Jeden Montag kommt Landwirt Helmut Plüster mit seinem Trecker aus Breddenberg und bringt seine Schweine persönlich bei der Fleischerei Leggedör im ostfriesischen Weener vorbei. Enno Meinders aus Boen sorgt für die Rinder und Färsen, und die Salzwiesenkälber stammen von Familie Behrends aus Neßmergrode. „Ich kenne alle meine Landwirte persönlich“, sagt Markus Leggedör, Fleischermeister und seit 2006 federführend in der Metzgerei, „denn es ist wichtig zu wissen, wie die Tiere gehalten werden. Nicht nur für mich, sondern auch für meine Kunden.“ In den vergangenen Jahren hat Leggedör das Sortiment sukzessive umgestellt und zugekaufte Ware durch selbst produzierte Wurst- und Schinkenspezialitäten ersetzt. „Fremde“ Produkte wie Schwarzwälder oder Serrano-Schinken gibt es nicht mehr, dafür eigene Alternativen wie den Mediterrano- oder den ostfriesischen Aalrauchschinken. Im Geflügel- und Salamibereich setzt Leggedör ebenfalls auf Eigenkreationen.

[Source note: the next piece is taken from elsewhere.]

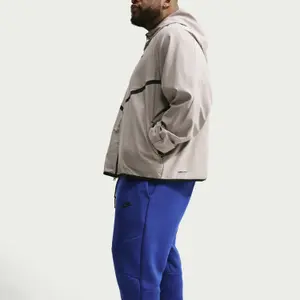Jogginghose aus Stoff Nike image-4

Nicht nur die Fleisch- und Wurstwaren stammen aus eigener Produktion, auch die Marinaden für das Grillgut und die Feinkostsalate stellt die Fleischerei selbst her.

Tierhaltung mit Vorgaben

Die Rindersalami besteht aus 100 Prozent ostfriesischem Weiderindfleisch, auch Baguettesalami, Katenrauchsalami und Cervelatwurst werden in der eigenen Wurstküche produziert. „Wir sind stolz darauf, unseren Kunden genau sagen zu können, woher die Produkte stammen“, so Leggedör. „Regionale Produkte verkaufen kann jeder. Wir sind lieber ganz konkret.“
Den Handwerksberuf wieder aufleben lassen, sich von der Konkurrenz der Supermärkte abheben und seinen Bauern faire Preise zahlen – das sind Punkte, die Markus Leggedör wichtig sind. Mit seinen Landwirten hat er das gesamte Jahr über marktunabhängige Festpreise vereinbart. Dafür darf er mitbestimmen, wie die Tiere gehalten werden. Bei Bauer Plüster etwa haben die Schweine doppelt so viel Platz wie gesetzlich gefordert. Zwei verschiedene begehbare Ebenen und Strohbereiche sorgen für Abwechslung. „Bei den Schweinen habe ich nach anderthalb Jahren erreicht, dass sie auch raus dürfen. Wir bleiben im ständigen Austausch mit unseren Bauern“, betont der Fleischermeister.

Den Partyservice hat Leggedör mittlerweile so gut wie eingestellt. „Den größten Umsatz bringt die Fleischerei, darauf legen wir nun unser Hauptaugenmerk.“ Erfolgreich ist das Geschäft auch aufgrund des konsequenten Marketingkonzepts in den sozialen Medien. „Mir macht es Spaß, eine Story zu posten“, sagt Leggedör, „und wenn ich unsere aktuellen Angebote oder ein Foto von unseren ostfriesischen Weiderindern teile, bekomme ich sofort eine Reaktion – sowohl in der Online-Community als auch direkt bei uns im Laden.“ Seine Kunden kommen inzwischen nicht nur aus dem Umkreis von Weener. Etwa die Hälfte reist aus den rund 20 Kilometer entfernten Städten Leer und Papenburg an – weil sie genau das wollen, was die Metzgerei bietet.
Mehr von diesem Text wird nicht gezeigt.